→ **RECORDS TO USE**

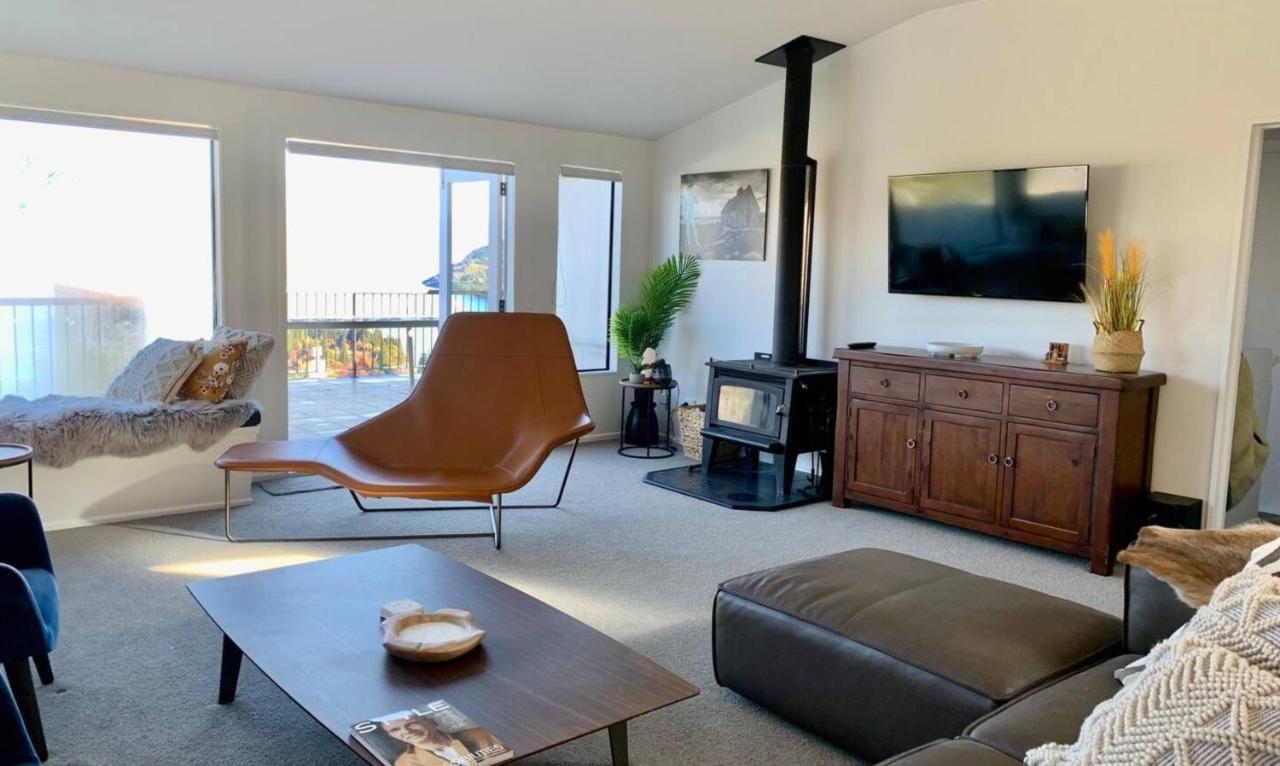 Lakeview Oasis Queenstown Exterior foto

---

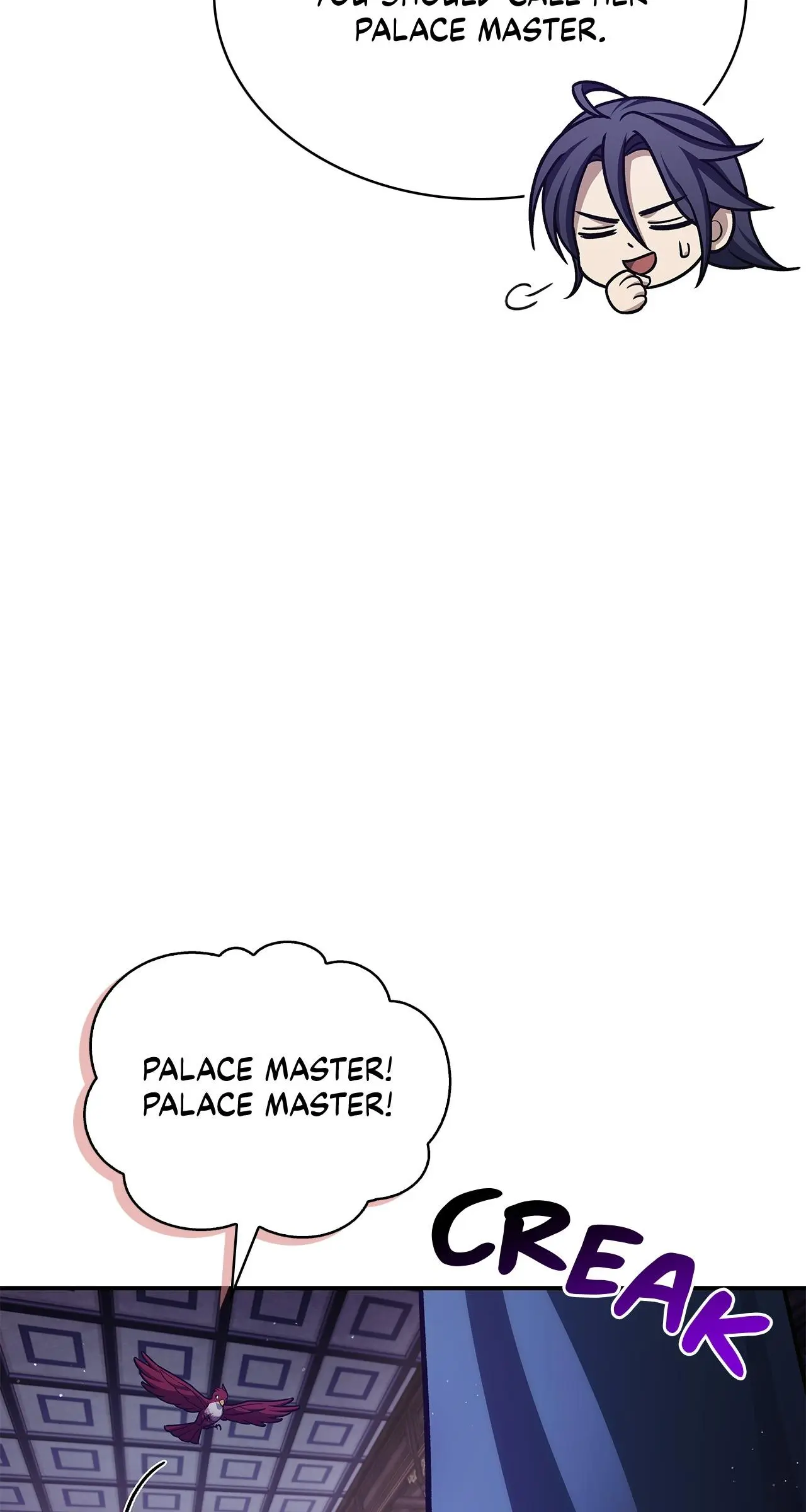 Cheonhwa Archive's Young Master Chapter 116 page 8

...

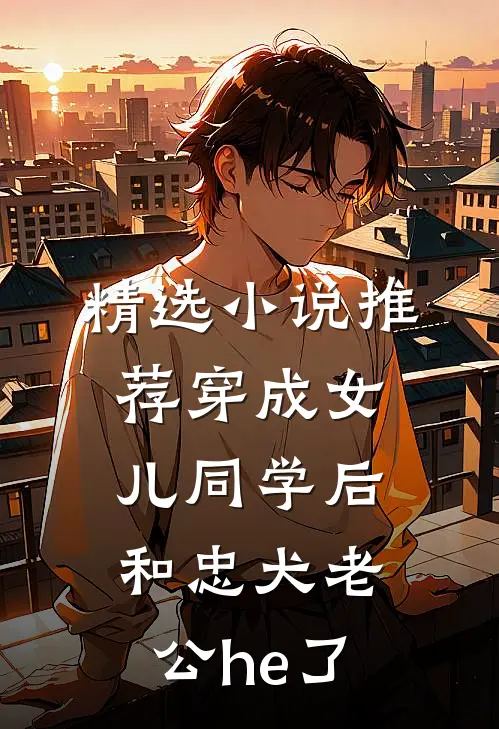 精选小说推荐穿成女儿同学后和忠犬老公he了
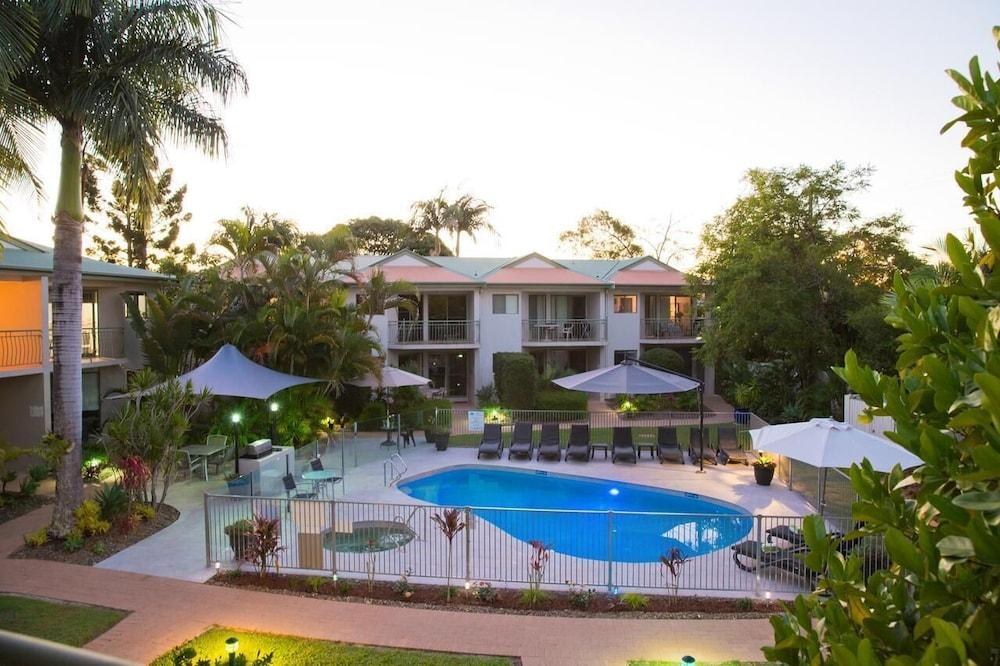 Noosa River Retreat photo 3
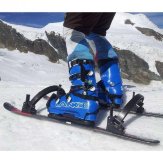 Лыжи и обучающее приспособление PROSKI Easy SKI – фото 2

→ **WORK ORDER**
Your copy should hold only the lines above from the one containing "精选小说推荐穿成女儿同学后和忠犬老公he了" through the one containing "Лыжи и обучающее", exactly as written and free of pictures.

→ **EXERCISE OUTPUT**
 精选小说推荐穿成女儿同学后和忠犬老公he了
 Noosa River Retreat photo 3
 Лыжи и обучающее приспособление PROSKI Easy SKI – фото 2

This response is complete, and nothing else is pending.